President Donald Trump signed a new stimulus package on Friday that replenishes funds for the paycheck-protection program for small businesses, but hiccups around distributing loans in such a large-scale operation may be far from solved.
The new package injects $320 billion into the PPP, which is aimed at helping small businesses with government-backed loans, after its initial $350 billion in funding ran out in just two weeks.
The program had sparked criticism as publicly traded companies took loans and many small businesses were unable to secure funds.
The government has looked to clarify guidance around who can get loans this time around. And in an effort to help streamline the process and cast a wider net, alternative lenders have been approved to distribute loans for the second round of funds.
And while the hope is the newest round will reach small businesses truly in need, there is a chance the problems that existed the first time around will only be exacerbated with these latest set of loans. We talked to execs at half a dozen fintechs who explained how they’re preparing tools to help lenders and customers — any why it may not be enough.

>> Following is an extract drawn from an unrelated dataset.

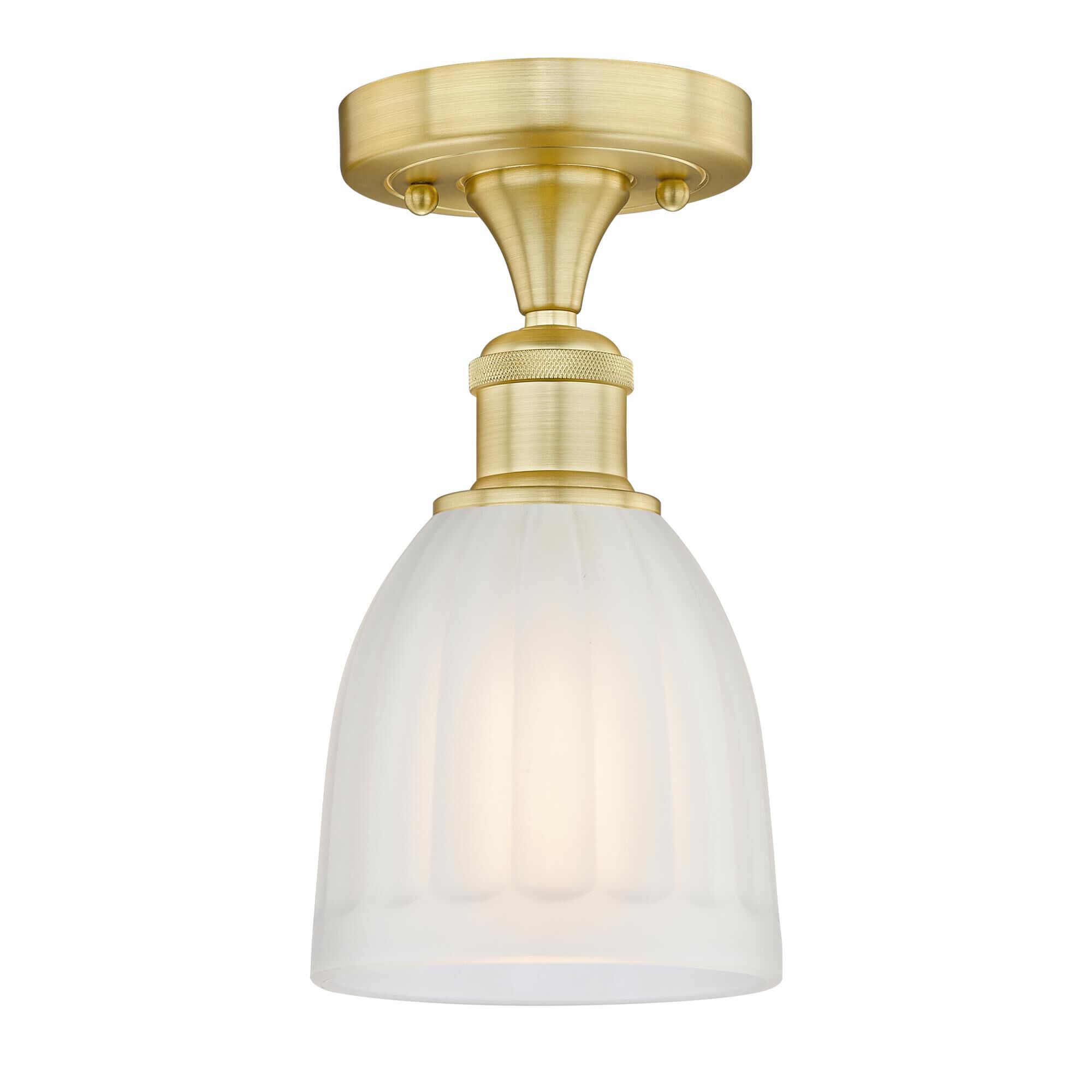 Shown in Satin Gold finish and White glass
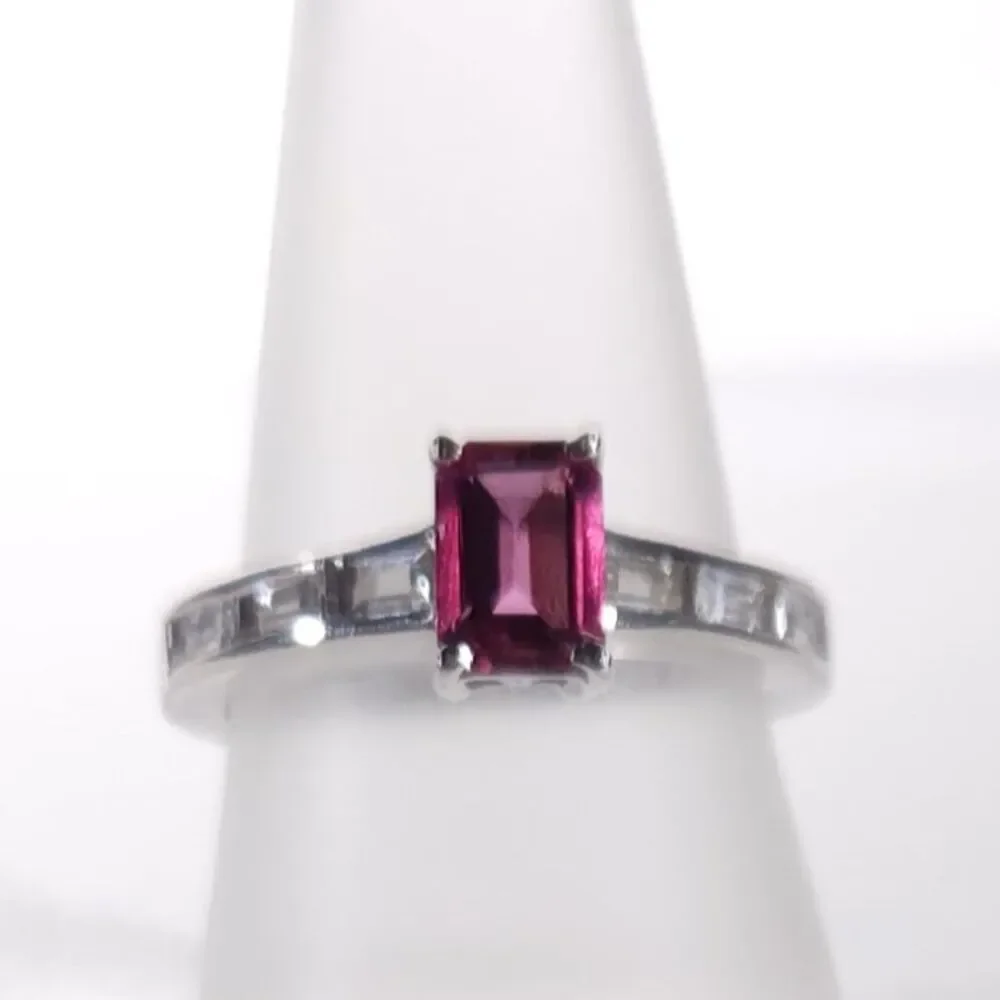 Bixbite and White Topaz Ring Size 5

The PPP has been a confusing process for all
Ocrolus is one of many fintechs working with either lenders or small businesses to help facilitate the application process. The New York-based startup, which raised $24 million in a Series B led by Oak HC/FC in June, works with lenders by digitizing documents, including those that play a crucial role in the underwriting process.
“There seems to be a pain point in every step of the way,” said Ethan Schwarzbach, head of business development for Ocrolus. “And that’s not to criticize anything, it’s more just the way things are. When you have to spin up a program like this so quickly and with such an amount of capital and, I would say, lack of guidance, that’s a big problem.”
Schwarzbach told Business Insider the lack of guidance from the Small Business Administration is one of the reasons why the first round of funding mostly landed with businesses that were already customers of banks.
The fact the Fed wasn’t initially clear about buying back loans from lenders made banks hesitant to underwrite for customers they didn’t have a preexisting relationship with, he added.
That lack of understanding also trickled down to the small businesses themselves.